Multi-Robot Reliable Navigation in Uncertain Topological Environments with Graph Attention Networks

TL;DR

This letter reformulates the multi-robot reliable navigation problem in uncertain topological networks into a Partially Observable Markov Decision Process (POMDP) framework and introduces the Dynamic Adaptive Graph Embedding method to capture the evolving nature of the navigation task.

Abstract

This paper studies the multi-robot reliable navigation problem in uncertain topological networks, which aims at maximizing the robot team's on-time arrival probabilities in the face of road network uncertainties. The uncertainty in these networks stems from the unknown edge traversability, which is only revealed to the robot upon its arrival at the edge's starting node. Existing approaches often struggle to adapt to real-time network topology changes, making them unsuitable for varying topological environments.
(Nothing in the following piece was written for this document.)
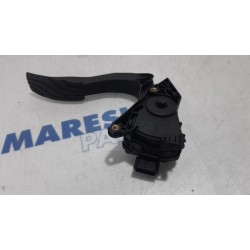 Renault - Scenic - Gaspedaalpositie Sensor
To address the challenge, we reformulate the problem into a Partially Observable Markov Decision Process (POMDP) framework and introduce the Dynamic Adaptive Graph Embedding method to capture the evolving nature of the navigation task. We further enhance each robot's policy learning process by integrating deep reinforcement learning with Graph Attention Networks (GATs), leveraging self-attention to focus on critical graph features. The proposed approach, namely Multi-Agent Routing in Variable Environments with Learning (MARVEL) employs the generalized policy gradient algorithm to optimize the robots' real-time decision-making process iteratively. We compare the performance of MARVEL with state-of-the-art reliable navigation algorithms as well as Canadian traveller problem solutions in a range of canonical transportation networks, demonstrating improved adaptability and performance in uncertain topological networks. Additionally, real-world experiments with two robots navigating within a self-constructed indoor environment with uncertain topological structures demonstrate MARVEL's practicality.

Paper Structure

This paper contains 27 sections, 22 equations, 5 figures, 1 table, 1 algorithm.

Figures (5)

  • Figure 1: The illustrative example: In the topological network, the blue and green markers represent Robot A and Robot B, respectively. The red dashed edge is an uncertain edge labelled with traversal probability. The right table provides the corresponding data for the topological map. Each edge has an average cost and standard deviation; the actual cost for each edge is sampled from a Gaussian distribution with rejection. The objective is to maximize the on-time arrival probability for the entire team, which is computed based on the data from subsequent edges combined with time budget $T_i$. In other algorithms, Robot A always selects 9→10→11→12, and Robot B typically learns a fixed policy to select either 5 or 14 at node 3, regardless of real-time conditions. However, MARVEL guides Robot A to take path 9→10→13→11→12 to test the traversability of edge 13→4, allowing adaptive decision-making for Robot B at node 3 based on the real-time transportation networks.
  • Figure 2: The MARVEL framework outlines a processing pipeline composed of a graph embedder, a graph neural network module, and a policy update module based on the online expert. (i) The feature matrix and adjacency matrix are dynamically updated by the real-time structural and positional information. The corpus is generated for each node based on neighbors and shortest paths to all destination nodes. (ii) Our policy network captures topological features, calculates weights using a self-attention mechanism, and selectively aggregates useful information for decision-making. The bar chart represents the influence weights of subsequent vertices in different scenarios. (iii) The policy is dynamically optimized by the online expert-augmented policy gradient method. The cross-entropy loss is calculated between predicted values and prior solutions, enabling effective adjustment of the attention distribution and policy updates.
  • Figure 3: The SOTA probability performance comparison of different scenarios.
  • Figure 4: The SOTA probability performance comparison with the baseline algorithms on different canonical transportation networks.
  • Figure 5: Constructed physical environments and Rviz Virtual Maps.